Issue affecting scoring delays in US East 1 (VA)
Incident Report for Learnosity
Postmortem

An underlying storage system corruption, linked to a single row in the database table where scoring errors are saved, caused delays in the asynchronous scoring queue. Prior to correction, queries run against this table could take anywhere from a partial second up to several seconds to complete, and this impact was compounded by an unusually high number of sessions scoring errors submitted at one time.

Because this issue only surfaced when rare scoring errors were logged, it was not immediately detected. Originally, the number and size of RDS instances were increased to work through the scoring backlog but the queue cleared before this process could be completed. This led us to the fact that delays only occurred when errors were persisted, and led to the discovery, and deletion, of the problem table row.

Additional measures have been put in place to monitor the write speed of errors, as well as session data, and the issue has not resurfaced since then.

Posted Jan 21, 2022 - 16:00 EST

Resolved
As of 16:53 UTC, we have resolved the issue affecting scoring delays in the US East 1 (VA) region.

Learnosity Support and Systems Engineering teams will follow up with a post mortem once we have completed root cause analysis and finalized any next steps or preventative measures required.

Please reach out if you have any questions or concerns.
Posted Oct 27, 2021 - 12:54 EDT
Update
As of 16:22 UTC, the scoring queue is empty, with sessions scoring too quickly to create a backlog.

Learnosity Support and Systems Engineering teams will continue to monitor for 30 more minutes and then, in the absence of any further delays, mark this issue resolved.
Posted Oct 27, 2021 - 12:23 EDT
Update
As of 16:00 UTC, scoring throughput remains to normal. The backlog in the queues is continuing to reduce.

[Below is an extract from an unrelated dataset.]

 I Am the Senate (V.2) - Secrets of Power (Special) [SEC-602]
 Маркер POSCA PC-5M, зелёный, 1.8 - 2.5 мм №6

Learnosity Support and Systems Engineering teams are continuing to monitor the issue, and will follow on with an update and resolution as soon as possible.
Posted Oct 27, 2021 - 12:03 EDT
Monitoring
As of 15:46 UTC, scoring throughput has returned to normal. We are still seeing a backlog in some scoring queues but it is rapidly reducing.

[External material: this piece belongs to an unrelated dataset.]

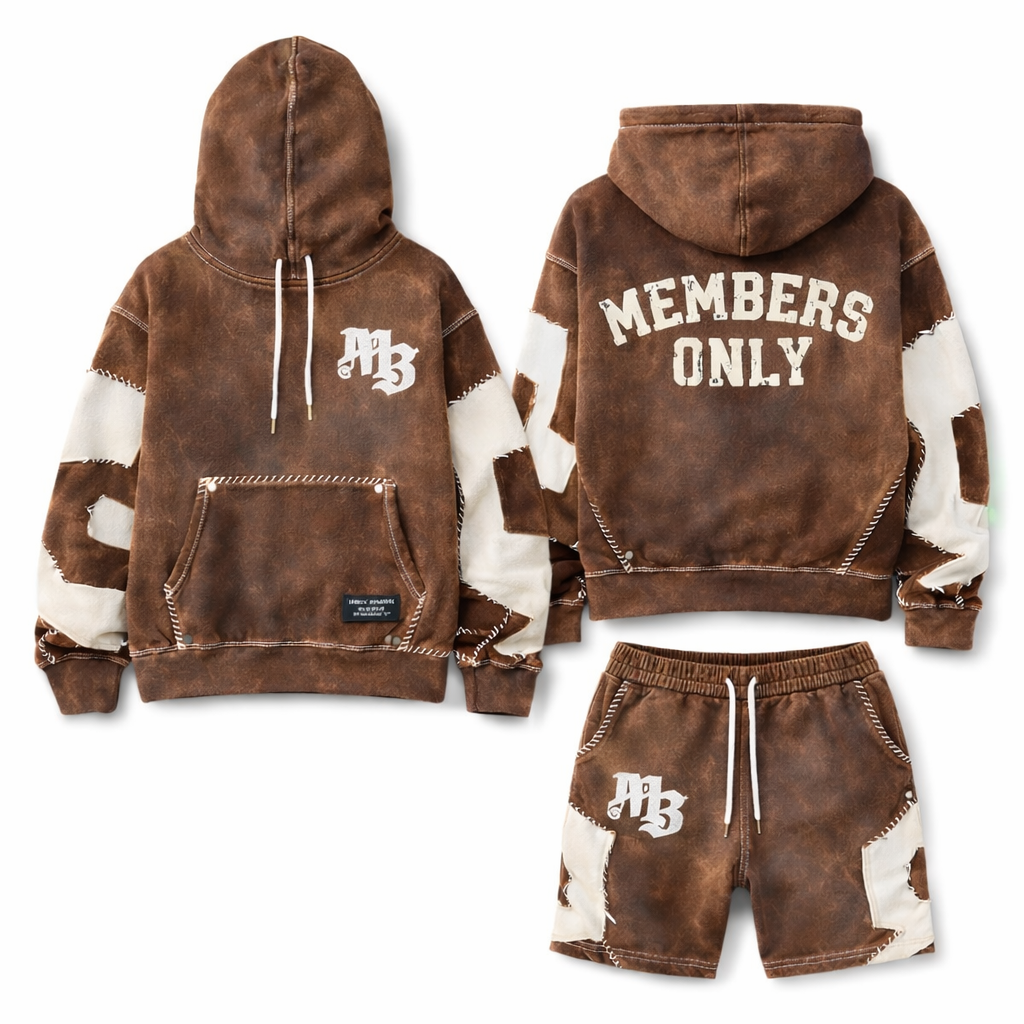 MB WASHED SHORTS SETS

Learnosity Support and Systems Engineering teams are continuing to monitor the issue, and will follow on with an update and resolution as soon as possible.
Posted Oct 27, 2021 - 11:49 EDT
Update
As of 15:00 UTC, the Learnosity Systems Engineering team is working on mitigating the delays affecting the availability of newly scored session data in US East 1.

Learnosity Support and Systems Engineering teams are continuing to actively investigate the issue, and will follow on with an update and resolution as soon as possible.
Posted Oct 27, 2021 - 11:07 EDT
Update
As of 14:30 UTC, we are continuing to investigate an uptick in scoring delays that are affecting the US East 1 (VA) region.

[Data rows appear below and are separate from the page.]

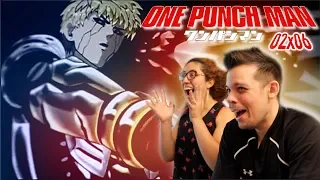One Punch Man - Season 2 Episode 6 REACTION!!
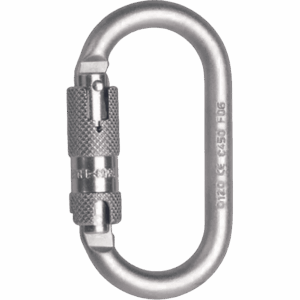 CERVA Zinc plated steel oval twist lock
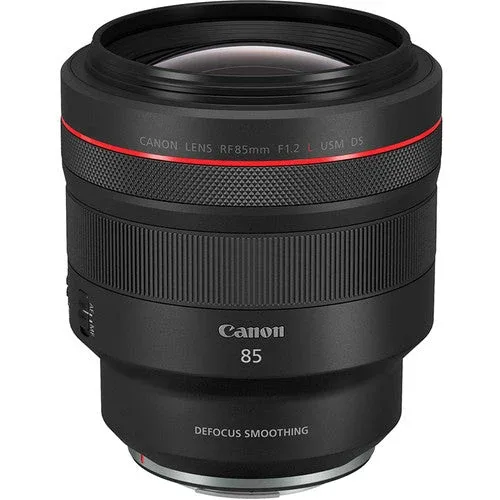Canon RF 85 mm f1.2 L USM DS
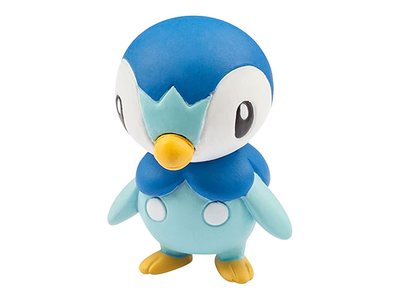 Piplup Figura Original Pokemon Takara Tomy Moncolle Ms-53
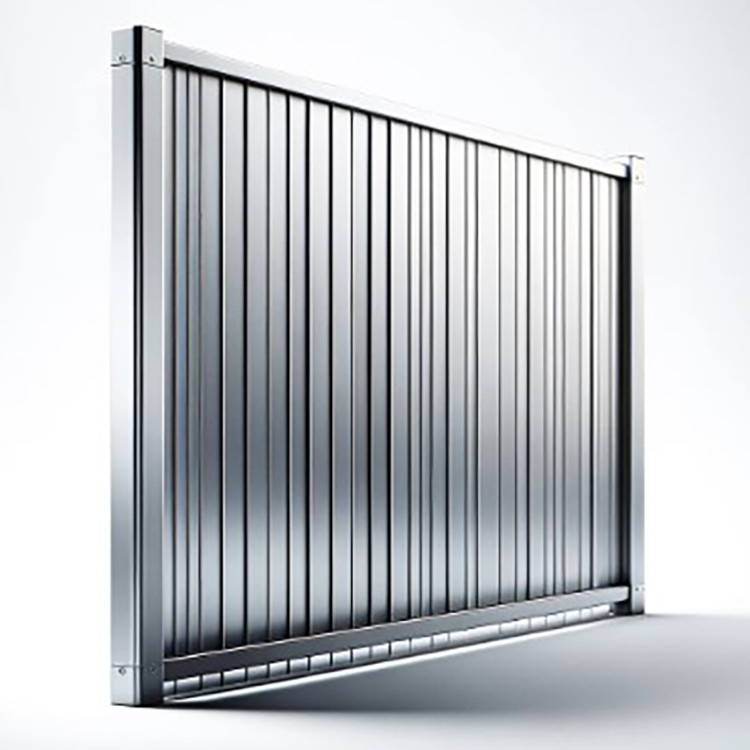 Couche en poudre 6063-T5 personnalisée Marano Barrière de tubes carrés en aluminium pour façade / balcon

Learnosity Support and Systems Engineering teams are continuing to actively investigate the issue, and will follow on with an update and resolution as soon as possible.
Posted Oct 27, 2021 - 10:30 EDT
Investigating
As of 14:00 UTC, we are currently experiencing minor delays in scoring of submitted sessions affecting the US East 1 region (VA).

Learnosity Support and Systems Engineering teams are actively investigating the issue, and will follow on with an update and resolution as soon as possible.
Posted Oct 27, 2021 - 10:11 EDT
This incident affected: AMER || Data Centric (Updating session response scores).